What are the costs involved?  

Again, this entirely depends on what an employer thinks it needs, as well as the number of employees, and how it envisions delivering the education.

As a base point, it is worth checking what is already available at no extra cost. This means speaking with existing providers, such as for pensions, and discovering what they can offer. This does only provide a limited approach, however.

As an example of something more in-depth, using a video animation to deliver financial communications, with stock animation and no unique branding, might cost £3,000, while a bespoke, tailored and branded option could be £10,000.

When considering webcasts, a basic powerpoint with a voiceover could cost £6,000, the next step up with a talking head could be £7,500, whereas something fully engaging with a green screen and infographics, for example, might be between £25,000 and £30,000.

What are the benefits? 

There are numerous potential benefits to providing a scheme which helps staff take control of their finances. For example, financial stress can be a significant cause behind sick leave, presenteeism and low productivity.

Simply using financial education to promote the benefits an employer provides can have its own value in increasing the return on investment (ROI) of those benefits, as well as helping staff shore up their financial wellbeing. This is only going to become more important in the face of the growing cost-of-living crisis.
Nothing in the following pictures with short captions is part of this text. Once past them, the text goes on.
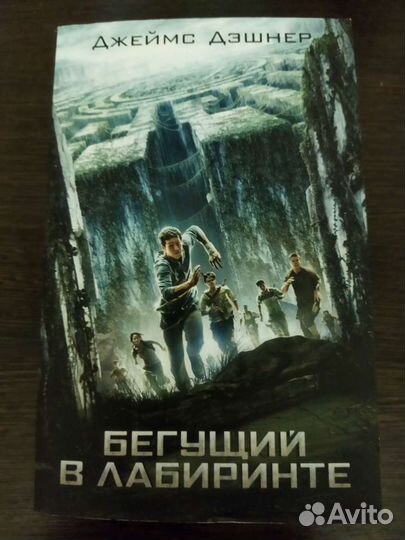 Бегущий в лабиринте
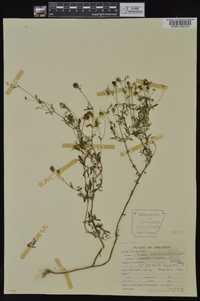 Bidens aristosa image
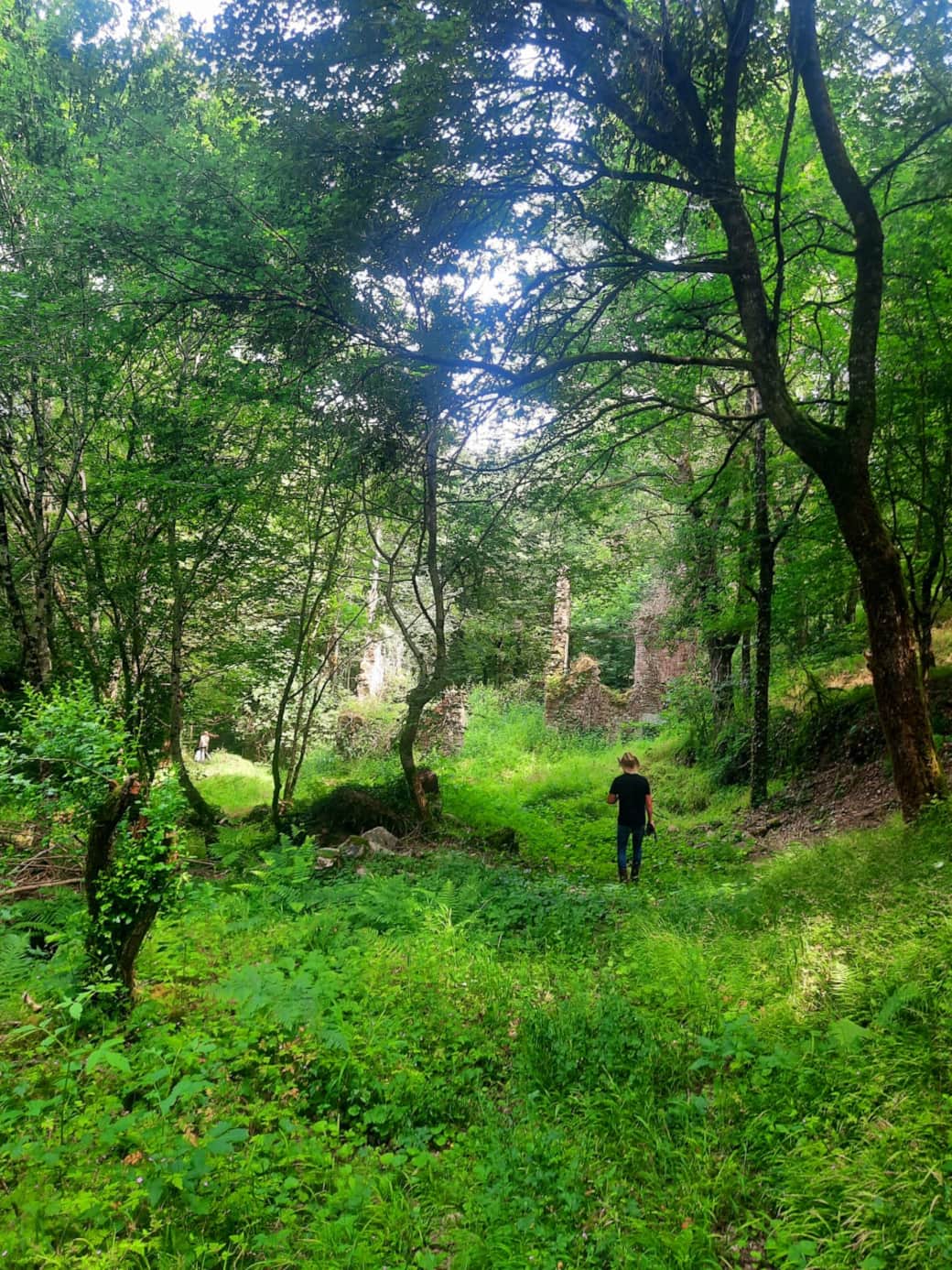 25cfc8df 3440 418a b829 dcc68daa4162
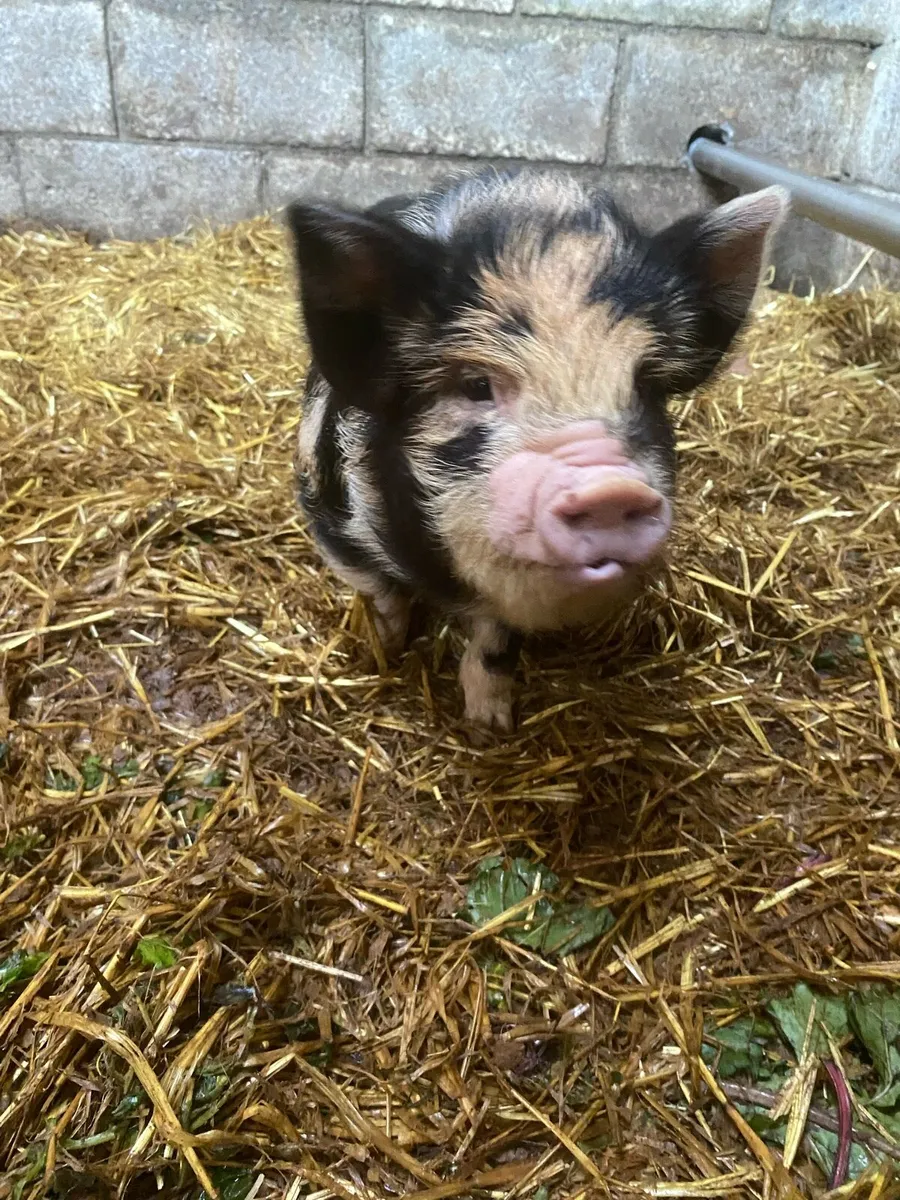 Purebred mini kune kunes - Image 2
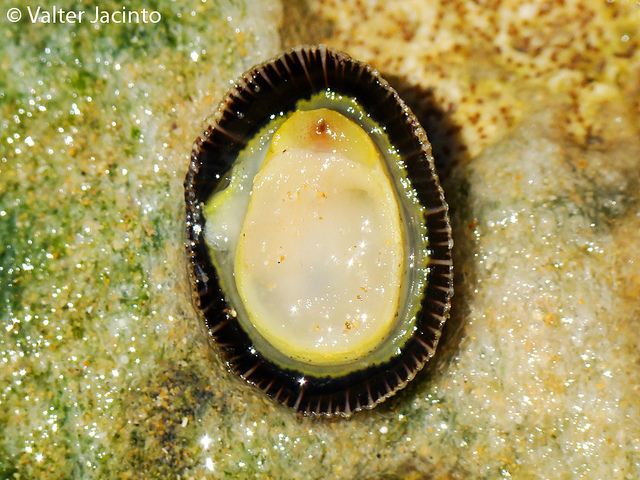 Da determinare = Siphonaria pectinata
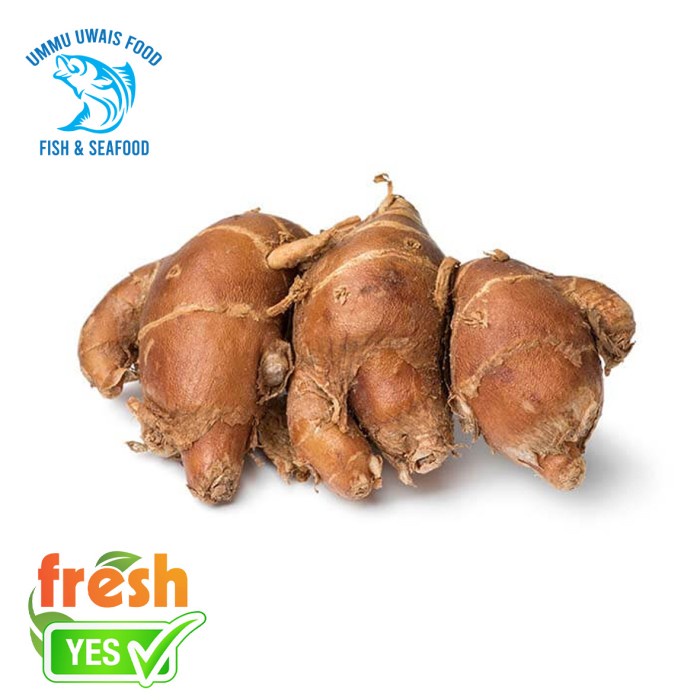 

Kencur Rempah - 250 Gram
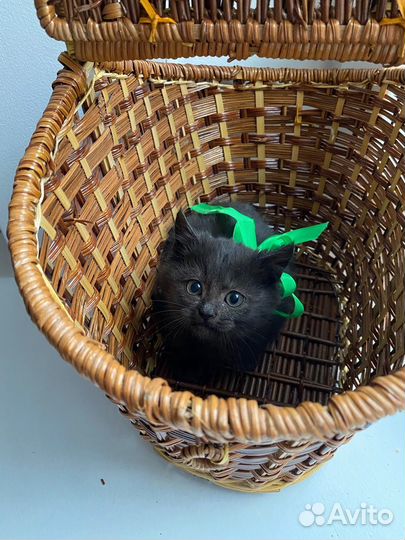 Спасите котенка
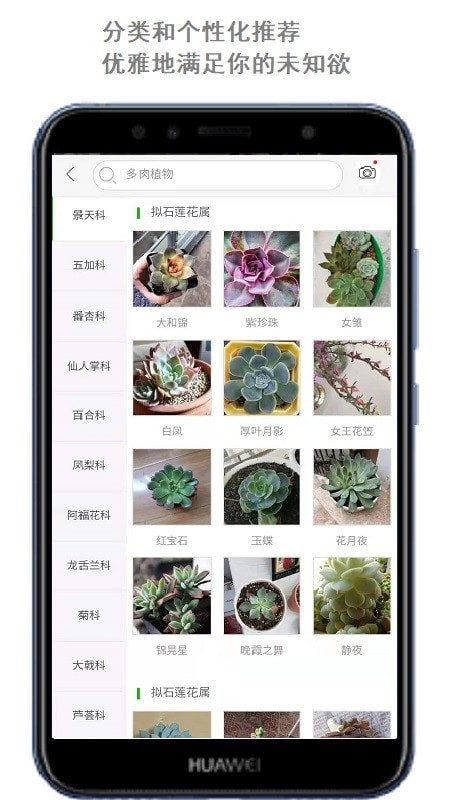 识花君拍照识别植物下载软件安装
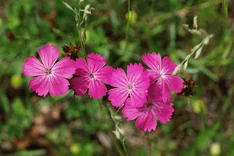 Pflanze des Monats Oktober 2023: Kartäusernelke (Dianthus carthusianorum)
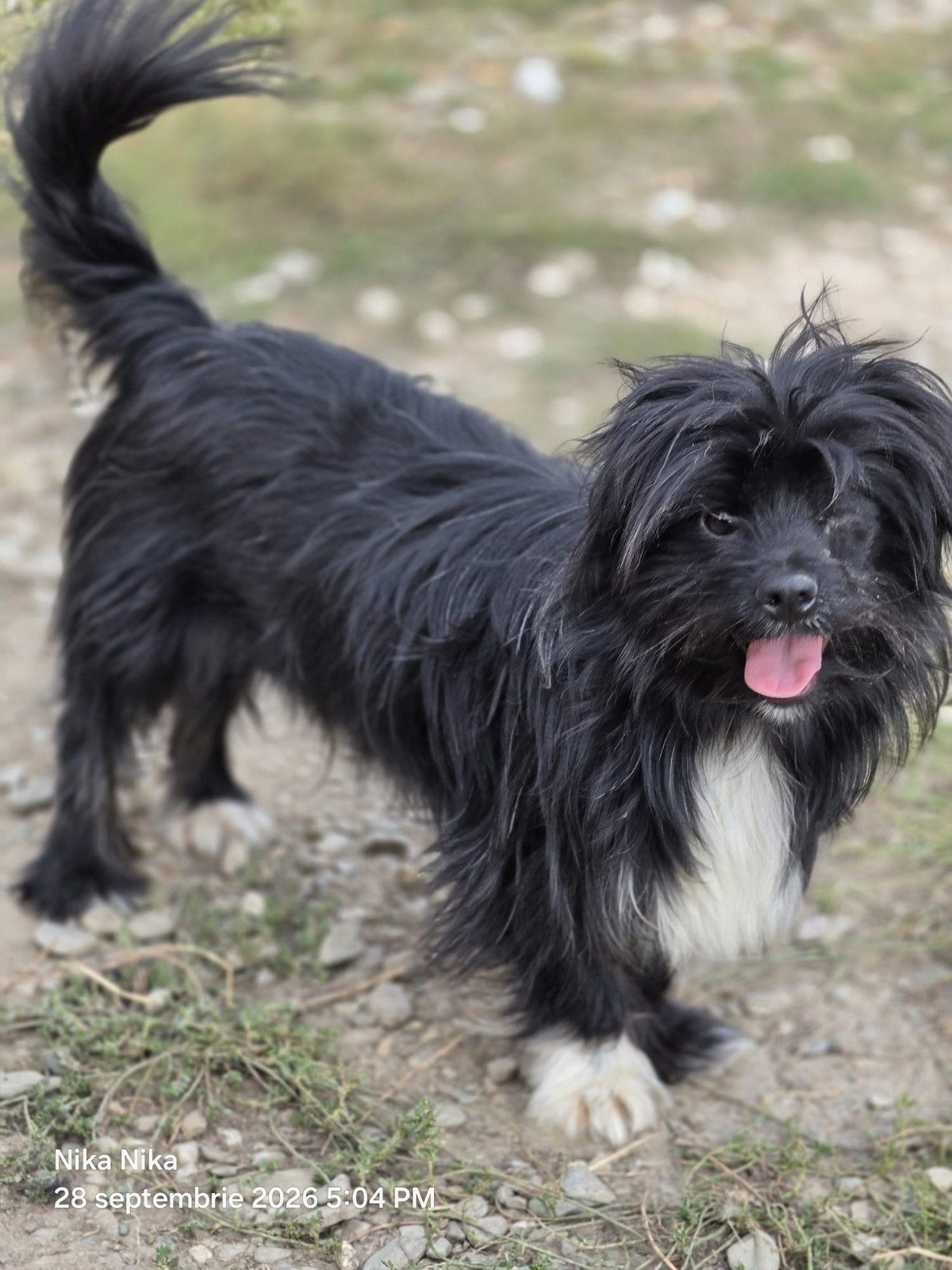 Toby met 1 oogje zoekt baasje, 1 tot 2 jaar, Buitenland, Eén hond, Klein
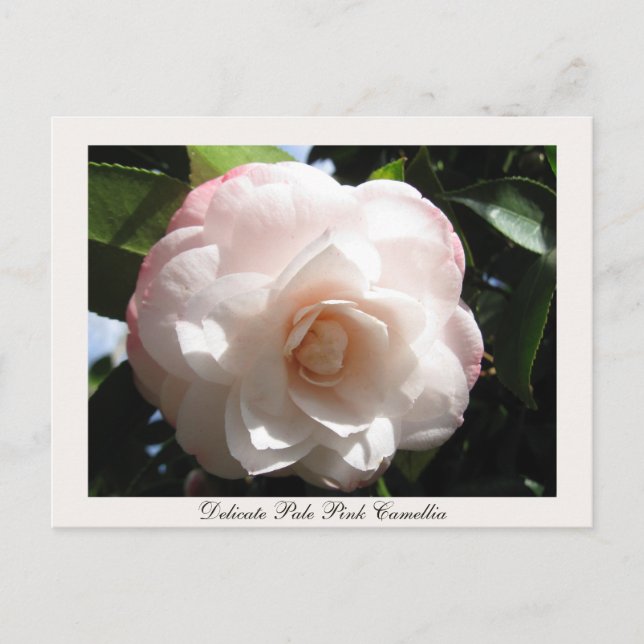 Postal Delicada Camellia rosa pálido (Anverso)
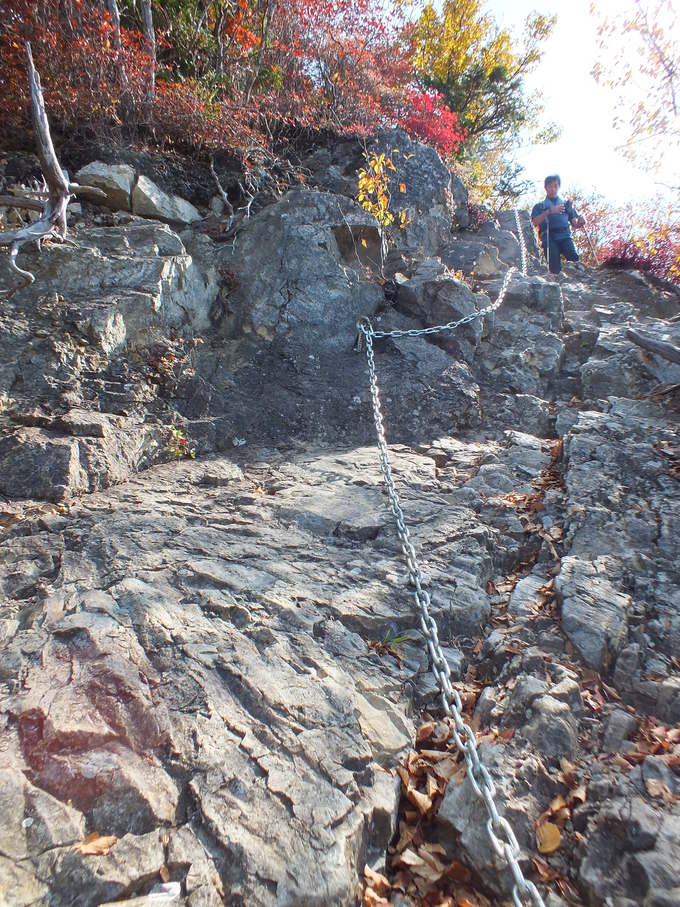 a0040879_23144565.jpg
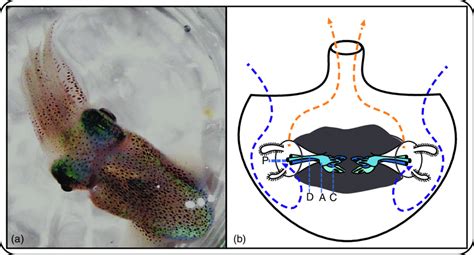 Anatomy Of The Hawaiian Bobtail Squid Euprymna Scolopes A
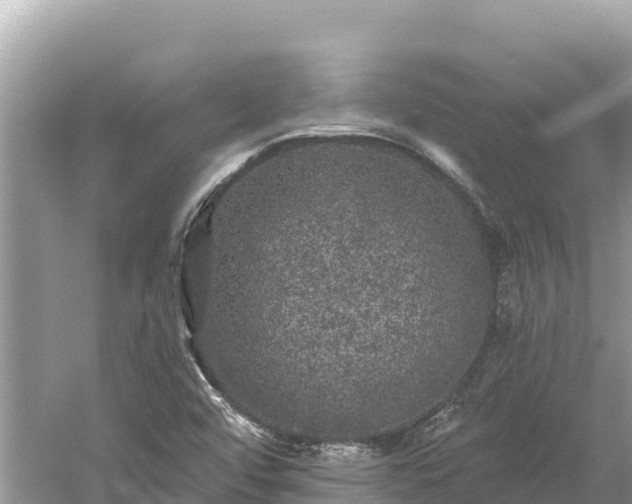 X0000061731456200512050920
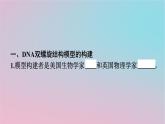 新教材2023年高中生物第3章基因的本质第2节DNA的结构课件新人教版必修2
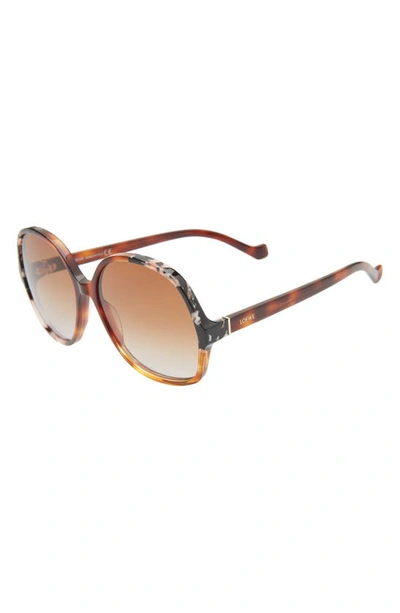 Shop Loewe 61mm Gradient Round Sunglasses In Light Havana/ Brown Grey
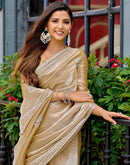 Beige Tissue Silk Sequence Embroidery Saree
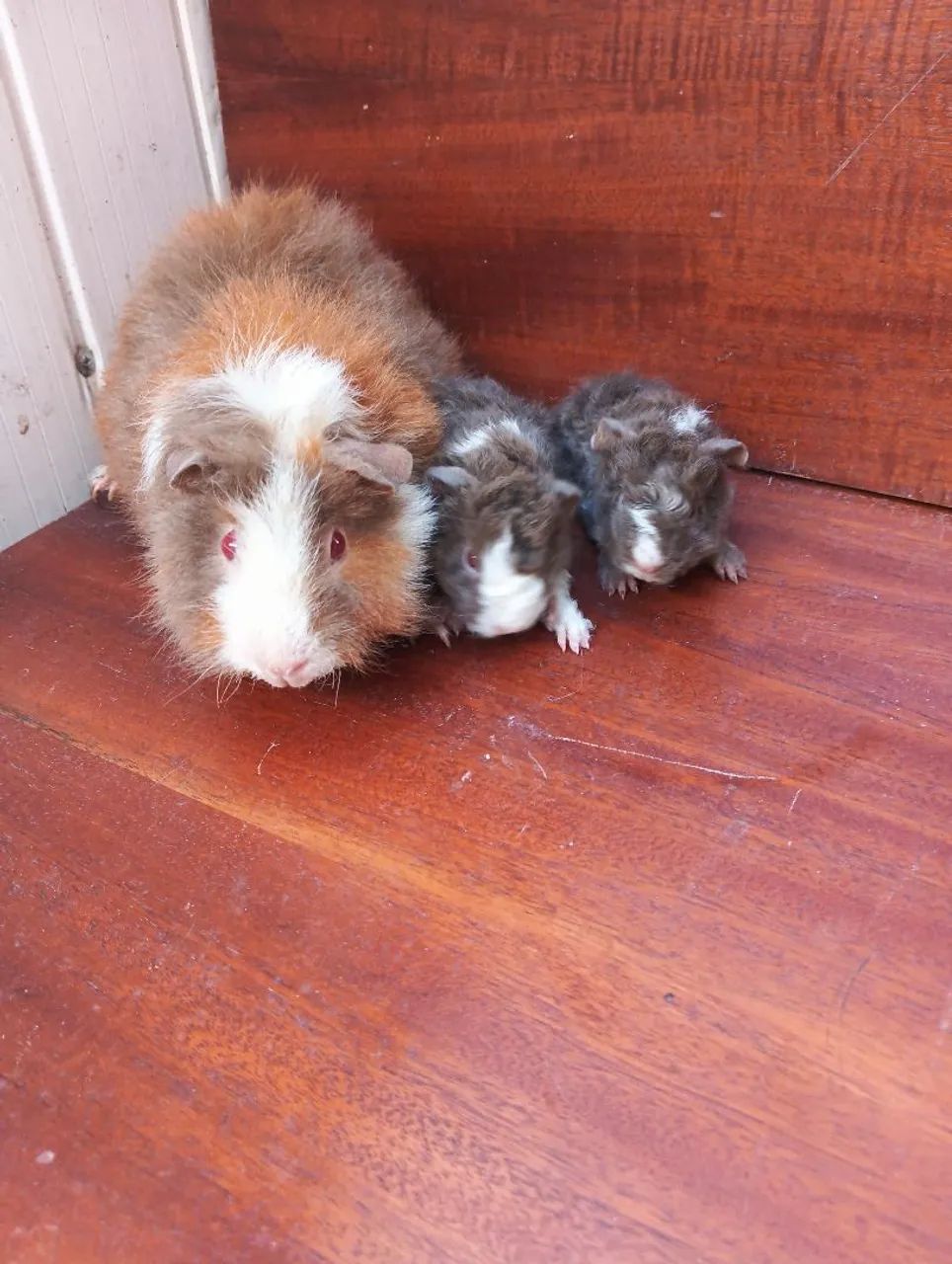 Vende-se porquinho da índia - Foto 2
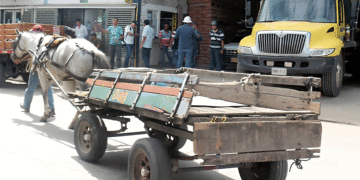 No más carretillas en la zona céntrica en la Ciudad Señora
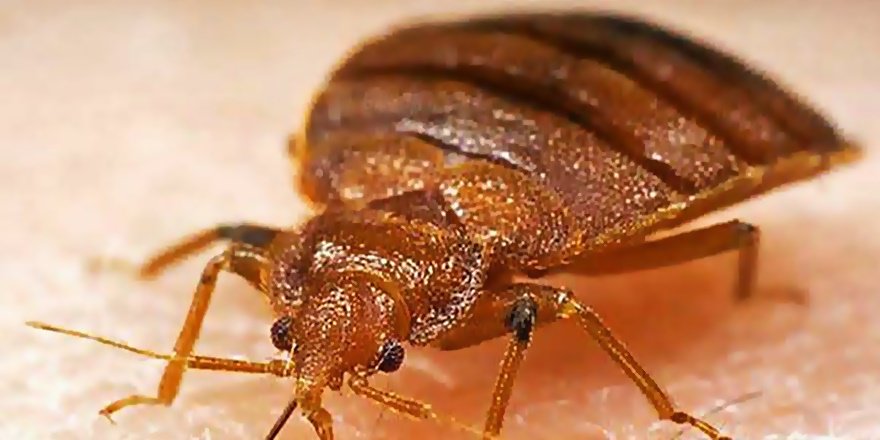 AŞIKLAR ŞEHRİ PİSLİK ŞEHRİ OLDU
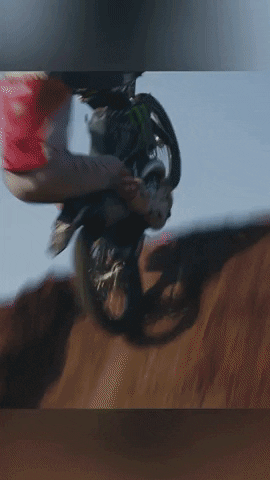 Backflip Wow GIF by X Games 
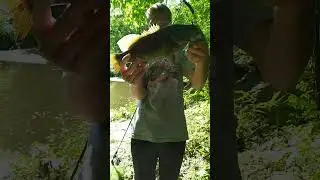 full video of my smallmouth bass on live shad from a while ago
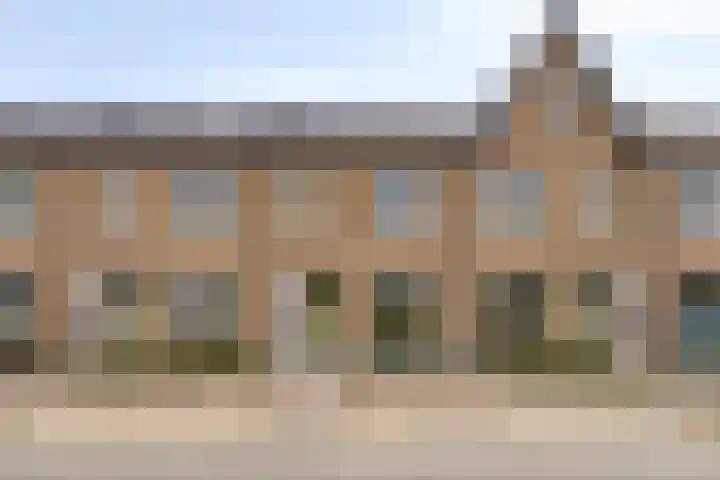 Jeneverbes 8 Borne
In order to understand the value versus cost, it is worth commencing with a trial and measuring the outcomes against whichever metrics are most relevant and important to the business.

Are there any tax or legal implications? 

Financial education schemes can face complications when it comes to the boundary between regulated advice and unregulated guidance. Employers should work with providers that understand the difference, and make it clear to employees that if they do choose to access financial advice, specifically, they do so, and enter into any actions as a result of this advice, such as investments or savings vehicles, at their own cost and risk.

As for tax, generic guidance, specific to the employer not the employee, does not have a benefit-in-kind implication. However, one-to-one sessions can be more complex. For example, employers can spend up to £500 per employee on pensions guidance without a tax charge, and there are also exceptions from benefit-in-kind implications for welfare counselling, which includes debt.

What are the current market trends? 

This is a multifaceted industry with many moving parts, but one overarching trend is that financial education has been largely taken over as part of the wider ‘financial wellbeing’ picture and that, in turn, is only one facet of a holistic approach to employee wellbeing.

The link between financial wellbeing and elements like mental and even physical health is becoming clearer, and employers are looking for effective, engaging education programmes to do more than just tell staff about their pensions, but instead to feed into a wider approach to wellbeing and positive behaviours.

In terms of the education itself, a key trend is the increasing need for a multimedia approach. This means including in-person, or virtual, sessions, as well as resources to read, watch or even interact with.

Who are the main players? 

The wide range of options open to employers, including providing their own resources, means that the list of providers is vast. Some key names, most likely to provide across the full scope of available options, include Close Brothers Asset Management, Wealth at Work, Chase de Vere, Nudge Global, Octopus Money, and Aon Employee Benefits.